Days after the retired Archbishop of Togo’s Lomé Archdiocese, Philippe Fanoko Kpodzro denounced the preliminary results of the presidential election in the country and called for protests, the Bishops in the West African nation have, in a collective statement, denied claims that they have abandoned their “elder brother.”
“Since the proclamation of the provisional results, the Togolese Bishops’ Conference has not remained inactive in the face of the situation of Archbishop Emeritus Philippe Fanoko Kpodzro,” the Bishops stated in their March 1 statement in which they emphasize that they have “not abandoned the Bishop, their elder brother, to his “sad fate”, as some of the faithful mistakenly think.”
The “sad fate” is in reference to the blockade, which the government security agencies mounted on the roads leading to the residence of the Archbishop, deterring him from leaving the premises to participate in the march he had spearheaded.

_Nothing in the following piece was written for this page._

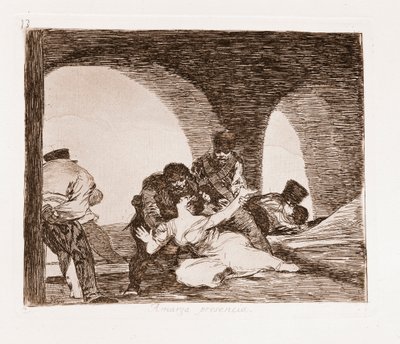 I disastri della guerra: Un uomo testimone dello stupro di sua moglie da Francisco de Goya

The move to block the Archbishop from leaving his residence is “not only a serious infringement of his freedom of movement, but it also prevents the functioning of the health center adjacent to this place,” members of the Episcopal Conference of Togo (CET) decried in their collective statement.
The security barrier also prevented priests “from celebrating the Eucharist in the chapel of the health center for Religious, service personnel and the sick,” the Bishops further bemoan.